Urban Development Minister Kamal Nath said that in the next phase of the
Jawaharlal Nehru National Urban Renewal Mission (JNNURM), sustainable cities
would be encouraged.

 

‘We are building it in, we have asked all states to build it in their
master plans – water conservation and sewage. In all building plans that they
sanction, they must ensure that it is a part of their master plans,’ Nath
stated to the media on the sidelines of CII-ITC Centre of Excellence for
Sustainable Development’s annual event ‘Sustainable and Inclusive Solutions:
Summit and Exhibition’.

 

Assuring that the central government would be trying to promote cleaner
cities in the next phase of JNNURM, the minister said, ‘We are going to see how
carbon-neutral they are, how they are bringing in sustainability concerns.’

 

This aspect assumes all the more significance when seen against the
backdrop of the rapidly multiplying urban population and the attendant economic
challenges. As Nath informed, ‘in the next 10 years more than 600 million
people will live in Indian cities.

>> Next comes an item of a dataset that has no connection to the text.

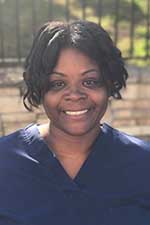 The image shows a woman wearing a blue scrub top, smiling at the camera, with her hair styled in an afro.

More than 53 cities have populations of over
one million and will grow 60 times in these 10 years.’

 

India’s urban population grew from 27.8 per cent in 2001 to 31.16 per
cent in 2011, according to information provided to parliament. As per the United
Nations’ ‘2011 Revision of the World Urbanisation Prospects’ report released in
April this year, India will witness the largest increase in urban population in
the next four decades. Indian cities will add another 497 million people
between 2010 and 2050.

 

The Jawaharlal Nehru National Urban Renewal Mission is a city
modernization scheme under which states and urban local bodies (ULBs) are
required to lay down a vision for their cities and accordingly prepare
development plans and identify and implement projects. The goal was to create
economically productive, efficient, equitable and responsive cities through
improving their economic and social infrastructure.

 

The first phase of the programme started in 2005 and ended this year. Phase
2 is expected to commence soon. In December last year, Prime Minister Manmohan
Singh had said that the second phase of JNNURM should stress on the needs of
raising internal revenues of local bodies, having a municipal cadre, building
their capacities and making them professional, and having adequate arrangements
to cope with increasing population and economic services. The Prime Minister had
pointed out that as a result of growing urbanization many cities were expected
to expand at the periphery, with smaller municipalities and large villages
surrounding the core cities becoming part of the metropolitan area. There was
therefore an urgent need to focus on metropolitan planning, improving
connectivity through better and larger networks of roads, expressways and
highways, and placing increased emphasis on public transport in relation to
affordable housing for the economically weaker sections of society.